# Traveling



## TundraGreen (Jul 15, 2010)

Mexico Forum Readers,

In case anyone is curious, I have been traveling with limited internet access for about a month. So, I haven't been following the forums or moderating. I walked the Camino de Santiago and now am visiting kids. I will be back in about three weeks. 

Regards,


----------



## terrybahena (Oct 3, 2011)

TundraGreen said:


> Mexico Forum Readers,
> 
> In case anyone is curious, I have been traveling with limited internet access for about a month. So, I haven't been following the forums or moderating. I walked the Camino de Santiago and now am visiting kids. I will be back in about three weeks.
> 
> Regards,


Enjoy!


----------



## mickisue1 (Mar 10, 2012)

TundraGreen said:


> Mexico Forum Readers,
> 
> In case anyone is curious, I have been traveling with limited internet access for about a month. So, I haven't been following the forums or moderating. I walked the Camino de Santiago and now am visiting kids. I will be back in about three weeks.
> 
> Regards,



What a lovely way to spend some time off!


----------



## Ken Wood (Oct 22, 2011)

Excellent, my wife and I were in Santiago de Compostela July 25, 2011, but it wasn't a Sunday, so things were not quite so crazy. We weren't there as pilgrims, but did visit with many pilgrims who were completing their journey. I envy you, and wish I could be back there this year.


----------



## Detailman (Aug 27, 2011)

TundraGreen said:


> Mexico Forum Readers,
> 
> In case anyone is curious, I have been traveling with limited internet access for about a month. So, I haven't been following the forums or moderating. I walked the Camino de Santiago and now am visiting kids. I will be back in about three weeks.
> 
> Regards,


Thanks for the reply to the forum TundraGreen. There have been several posts of individuals wondering where you were. 
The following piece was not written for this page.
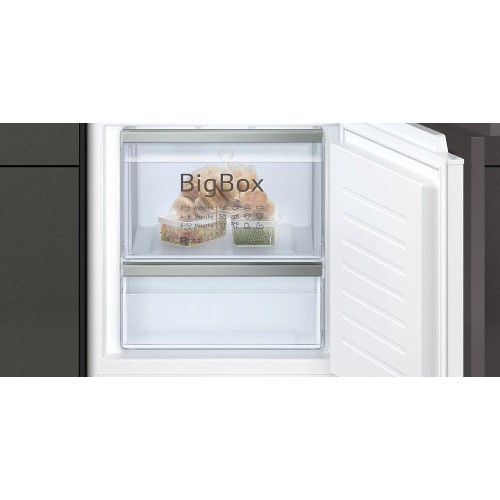 Встраиваемый холодильник Neff KI6873FE0 в Краснодаре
You never know you are missed until you drop out of site temporarily and then it surfaces how individuals rely on you as an integral part of the forum. Your comments are truly appreciated.

Enjoy your trip and your visit with family. We look forward to your return. 

PS - We also look forward to your return RVGringo. You too are an integral part of this forum and it doesn't seem quite the same without your replies!! I personally hope that your eyesight is returning somewhat. My wife and I often talk about what it would be like if I lost the ability to read as I spend so much of my time reading and studying. Warm regards!!


----------